The changing nature of property sales
HM Land Registry’s Price Paid Dataset and its Scottish counterpart provide invaluable information about housing market developments, but by no means tell the whole story.
The ONS House Price Index reports offer additional interesting insights, for example concerning changes in how property purchases are funded.
One after-effect of the global financial crisis was to give a huge boost to the importance of cash-based transactions, which began to account for about a third of all purchases (from less than a quarter previously). In part, this reflected the significant retrenchment in the risk appetite of mortgage lenders. As the latter has revived in recent years, it is no surprise that, from about 2013 or 2014, the relative importance of cash has ebbed away.
Peaks and troughs for the most part are associated with major changes in stamp duty arrangements, although 2017’s General Election also seems to have had a distorting effect on behaviour.

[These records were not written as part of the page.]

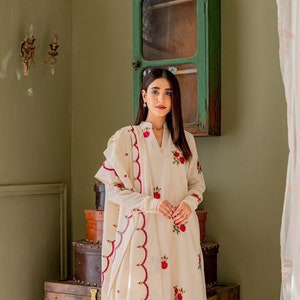 Stet kurti shop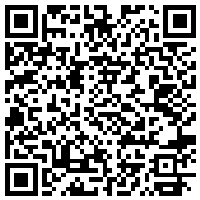 QR Code for bitcoin:bitcoin:bitcoin:bitcoin:bitcoin:bitcoin:litecoin:LKXU95Yu9kyjDCUDZbs8tU9M6WW2aPnMwG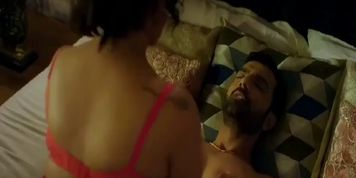 desi dick ride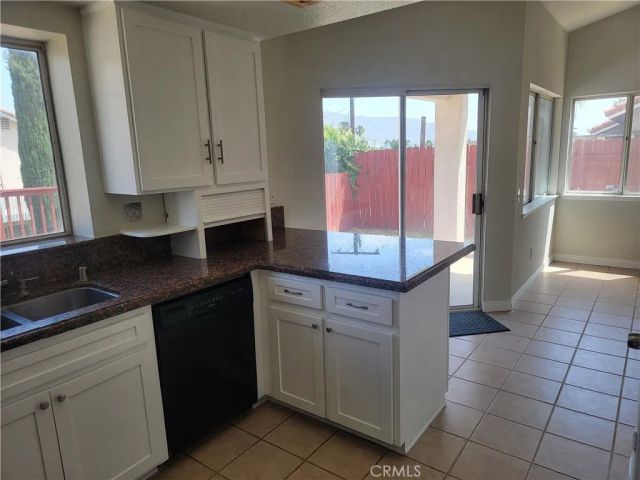 6631 Huntsman, Jurupa Valley, CA 92509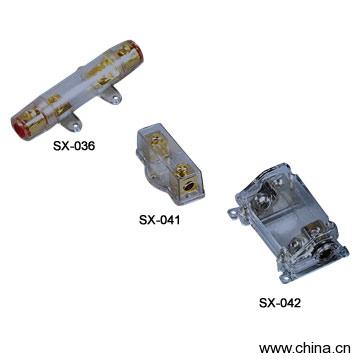 ANL Fuse Holders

The decline in the relative importance of cash is mainly an English and Welsh phenomenon at this stage. It is also more evident in southern parts of the country, perhaps reflecting some recalibration of activity on the part of investors.
As ever, there is a wide geographic variation in the importance of cash.
A little surprisingly, cash plays a smaller role in London than elsewhere, at least as far as the volume of purchases is concerned, and has recently dipped below 20% of overall activity in the region. By contrast, and perhaps reflecting the strong interest in holiday homes and retirement plans, it is still the case that more than a third of property purchases in the South West are cash-financed.